**GIVEN INFORMATION**
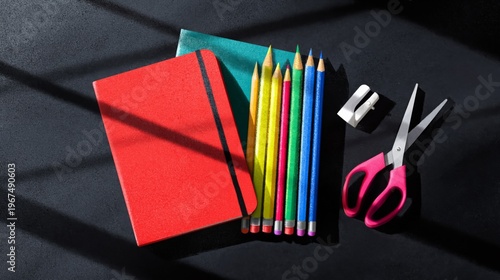School Supplies on a Desk With Colorful Pencils and an Apple Near Books and a...
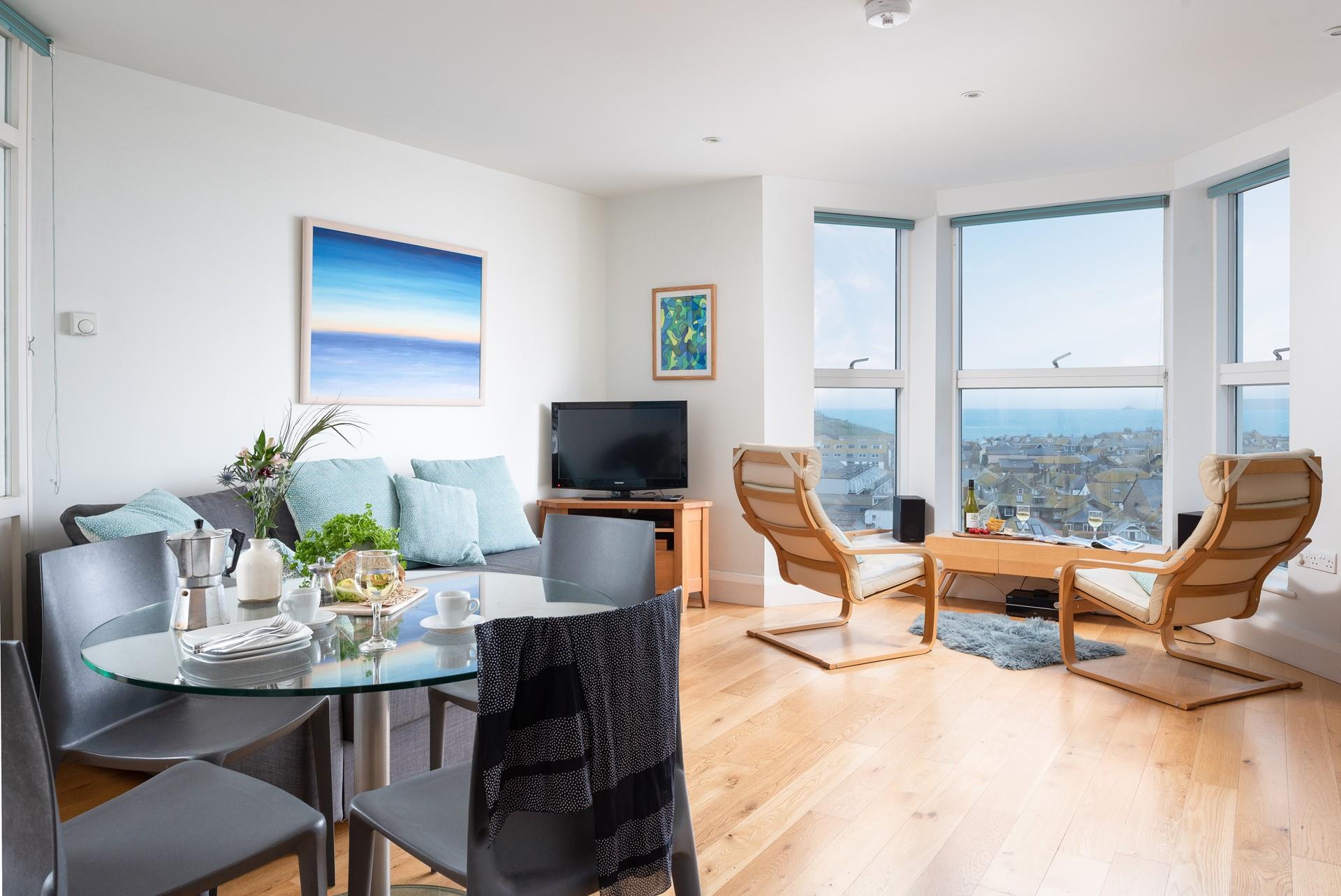 Sit in the window and enjoy the stunning view of the sea over the rooftops.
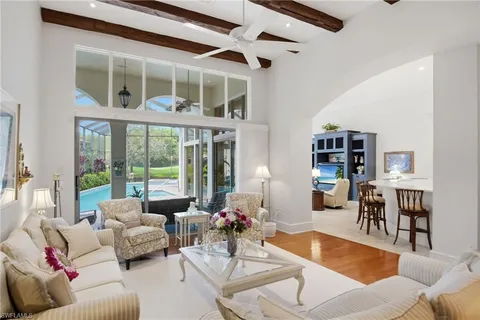 a living room with furniture and floor to ceiling windows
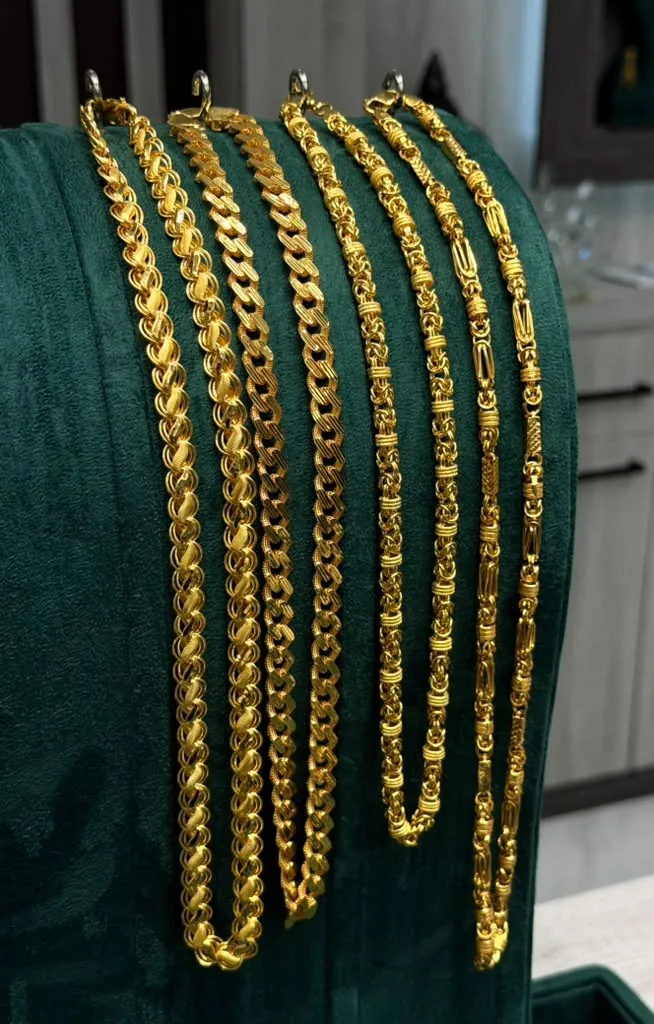 Five statement 22K gold chains with lotus, curb and byzantine links draped on green velvet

**INSTRUCTIONS FOR THE TASK**
All pictures should be dropped; the lines from the one containing "Sit in the window" through the last line of the material are to be set down exactly.

**EXERCISE RESULT**
 Sit in the window and enjoy the stunning view of the sea over the rooftops.
 a living room with furniture and floor to ceiling windows
 Five statement 22K gold chains with lotus, curb and byzantine links draped on green velvet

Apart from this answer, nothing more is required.